§ What is needed
Set down the records again, keeping each line exactly as it is.

§ Record excerpts
....................
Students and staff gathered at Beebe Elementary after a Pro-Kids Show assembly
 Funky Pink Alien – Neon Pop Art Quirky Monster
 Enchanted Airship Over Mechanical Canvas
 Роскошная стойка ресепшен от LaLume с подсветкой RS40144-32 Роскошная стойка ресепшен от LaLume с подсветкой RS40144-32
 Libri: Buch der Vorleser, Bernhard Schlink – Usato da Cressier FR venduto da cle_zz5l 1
....................
§ Answer
Students and staff gathered at Beebe Elementary after a Pro-Kids Show assembly
 Funky Pink Alien – Neon Pop Art Quirky Monster
 Enchanted Airship Over Mechanical Canvas
 Роскошная стойка ресепшен от LaLume с подсветкой RS40144-32 Роскошная стойка ресепшен от LaLume с подсветкой RS40144-32
 Libri: Buch der Vorleser, Bernhard Schlink – Usato da Cressier FR venduto da cle_zz5l 1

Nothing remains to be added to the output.